What you will do: Using the records below, return exactly the lines from the one containing "Сбежавшую из поезда" through the last, and omit pictures.

Exercise data:
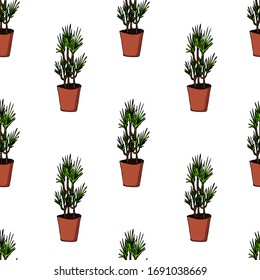 Elemento dibujado a mano de la maceta de flor patrón sin fisuras. Plantas de la casa de ilustraciones para el diseño de bodas, logotipo y tarjeta de felicitación. Aislado sobre fondo blanco.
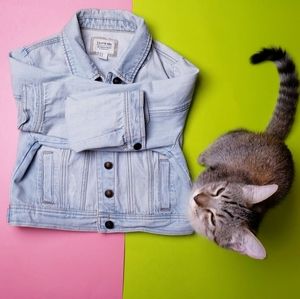 Cropped Jeans jacket (kitten not included)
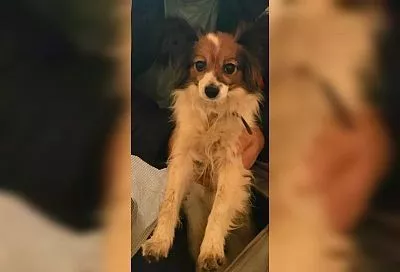 Сбежавшую из поезда Новороссийск - Екатеринбург собаку нашли спустя шесть дней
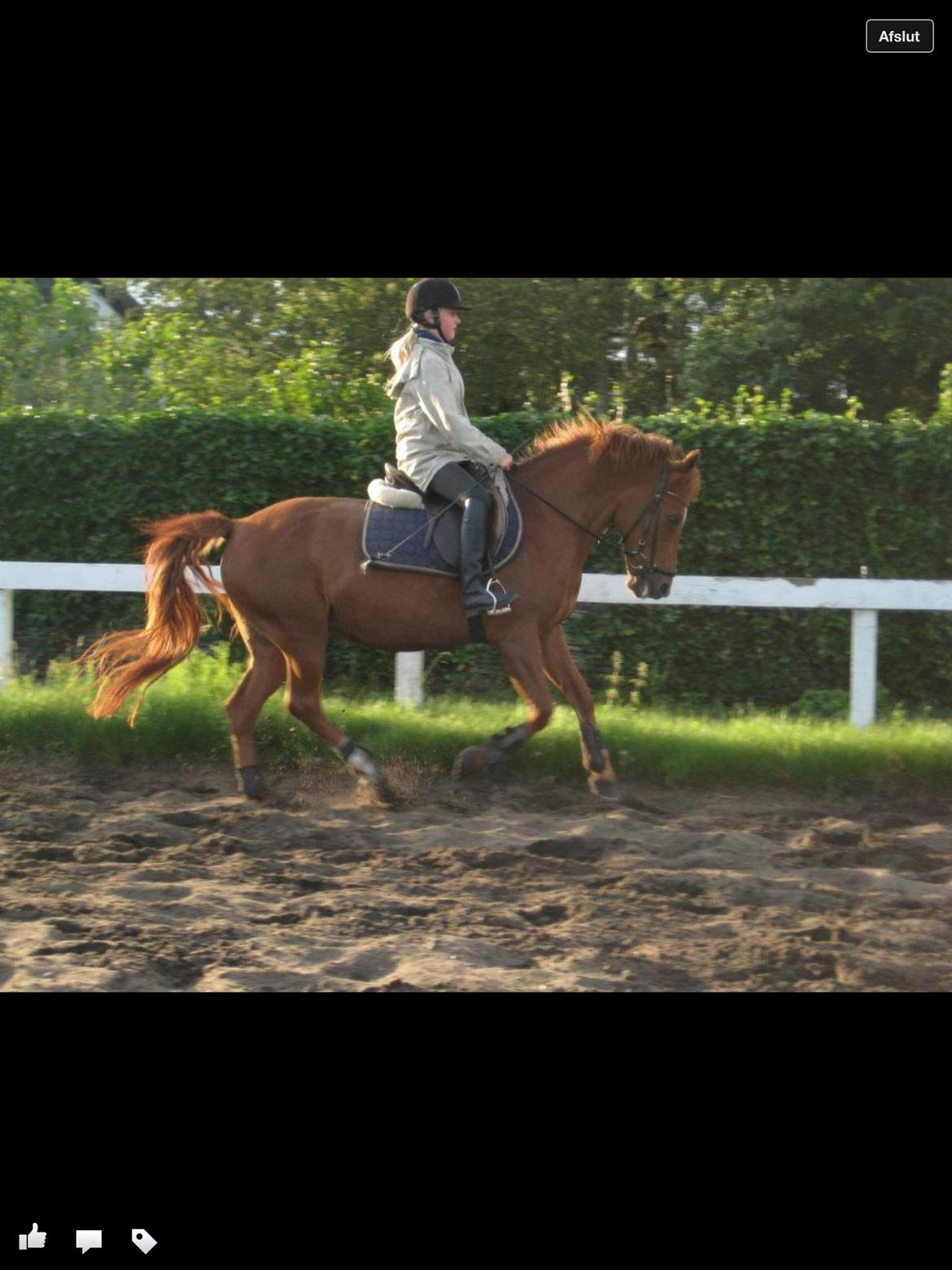 New Forest Acett Af Hvarre <3  - Dressur træning på Acett billede 4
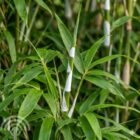 Bamboe | Fargesia robusta 'Campbell'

Task solution:
 Сбежавшую из поезда Новороссийск - Екатеринбург собаку нашли спустя шесть дней
 New Forest Acett Af Hvarre <3  - Dressur træning på Acett billede 4
 Bamboe | Fargesia robusta 'Campbell'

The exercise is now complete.